DACA, which was initially introduced by former President Barack Obama in 2012, aimed to protect Dreamers by allowing them to live and work in the U.S. Photo by Nitish Meena
As courts volley the fate of Deferred Action for Childhood Arrivals (DACA) back and forth like a political tetherball, the people most affected — DACA recipients — are once again left suspended in uncertainty.
The recent ruling from the U.S. Court of Appeals for the Fifth Circuit reaffirmed what many immigrant rights groups have long said: the protections offered by DACA are lawful and Judge Andrew Hanen’s prior interpretation is flawed. Still, legal ambiguity leaves a door open for fear to creep in. Over half a million people who live and work in the United States under DACA remain unsure of their future, many wondering what it means for their jobs, their families and their right to remain in the country they call home.
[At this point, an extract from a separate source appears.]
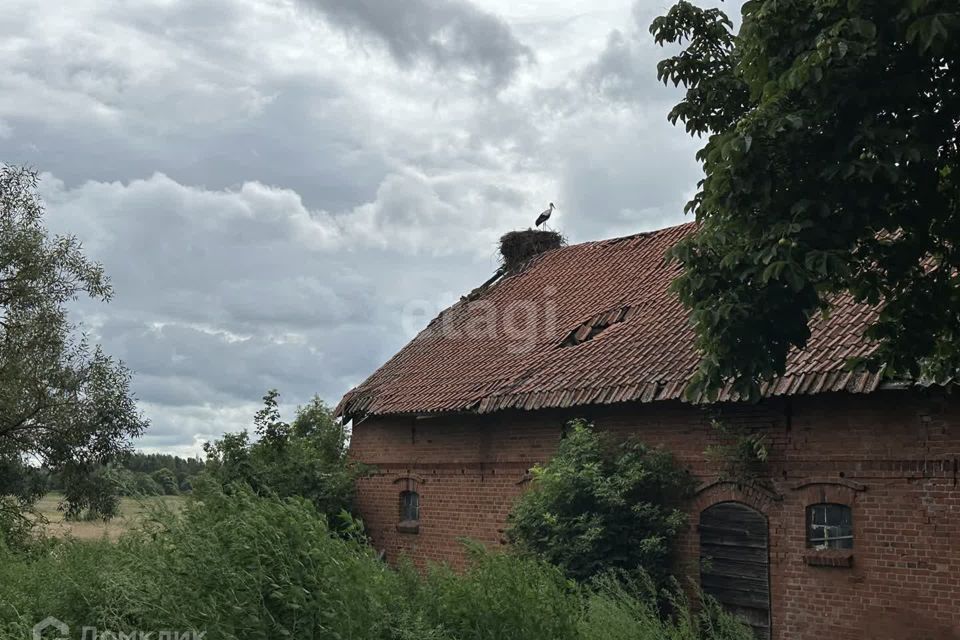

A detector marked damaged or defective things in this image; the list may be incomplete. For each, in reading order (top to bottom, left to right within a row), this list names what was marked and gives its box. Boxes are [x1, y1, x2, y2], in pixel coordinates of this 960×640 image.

damaged roof section [338, 222, 884, 422]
"The Fifth Circuit Court decision recently emphasized that protection from deportation for DACA recipients is lawful and that Judge Hanen is wrong in his interpretation of the law then, as DHS is now,” Angelica Salas, executive director of the Coalition for Humane Immigrant Rights (CHIRLA), said over email. “One official's misinterpretation of the law does not change legal protections for DACA recipients. We urge persons with DACA to consult with an immigration attorney before taking any measures that could jeopardize their status. We call on Congress to pass a pathway to citizenship, a permanent protection for more than 500,000 persons who live and work in the U.S. and have DACA.”
The decision preserves renewals but blocks new applications. For many young immigrants, it’s a sobering reminder that being in limbo is a constant in the American immigration experience. The program remains in place for now, a legal construct held together by precedent and executive discretion, but not cemented in law.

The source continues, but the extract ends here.